The best free SQL based tools are Cryptohouse (powered by Goldksy), Dune and Flipside for accessing Solana data. This post evaluates the tradeoffs between using each of these platforms by using a test of useful queries. These queries look at the most fundamental table for Solana data, the transactions
table, which forms the basis of most fundamental research on Solana.
We'll examine three queries:
Transaction Sample: A basic query to quickly inspect the dataset.
Filter Array for Accounts: A more complex query that filters transactions based on a subset of accounts, an essential task given that many Solana transactions have columns stored as arrays.

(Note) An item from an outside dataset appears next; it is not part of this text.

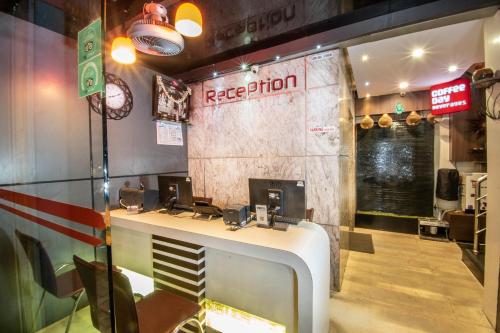 a restaurant with a reception desk in a room at Aishwarya Suites in Mysore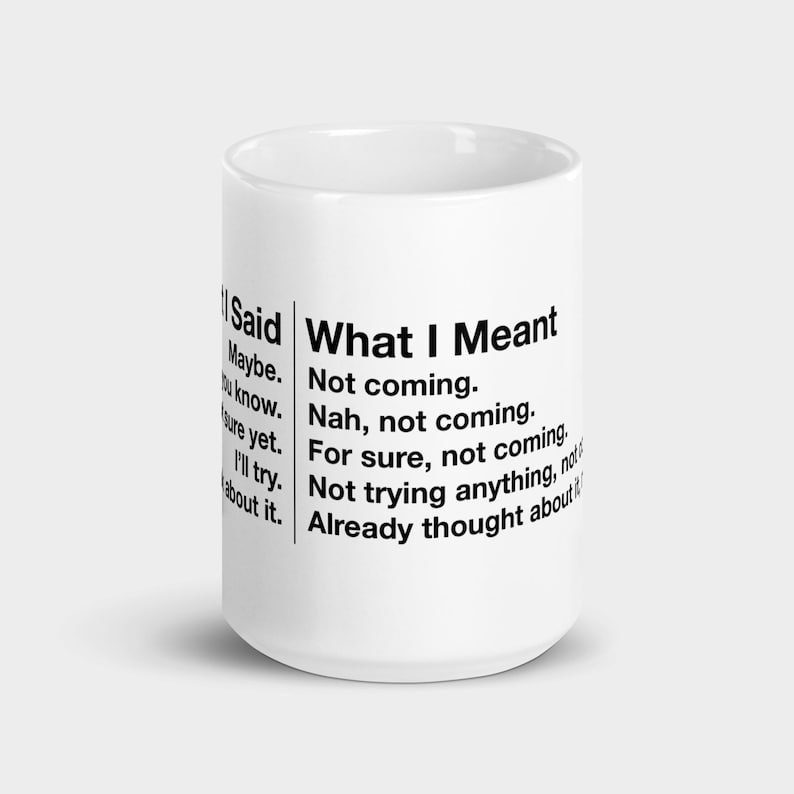 May include: A white ceramic mug with black text. The text on the mug reads "What I Said" on the left side and "What I Meant" on the right side. The mug is cylindrical and has a handle.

Filter + GroupBy Aggregation: A sophisticated query that filters account arrays and performs a groupby aggregation, a common task in data analysis.
Transactions
DatasetThe transactions
table is a fundamental table for Solana blockchain data and understanding how to effectively navigate through the table is key to unlocking more on-chain insights. Every Solana transaction touches a set of accounts, which are stored in an array. There is also a pre-balance and post-balance column arrays which store the SOL amount before and after the transaction, which are important to derive SOL related volume for fees, compute costs, and validator revenue.
This table also has a status/success column that determines whether the transaction was successful or not. Continuously higher than normal transaction failures can indicate an interesting research direction.
Finally the transactions
table contains all of the instructions required to execute the transaction in a set of logical steps. For those familiar with EVM data, Solana instructions are similar to EVM log event data.
There are three primary criteria for evaluating these tools: performance, features, and data availability. The importance of each criterion depends on the specific research outcomes desired.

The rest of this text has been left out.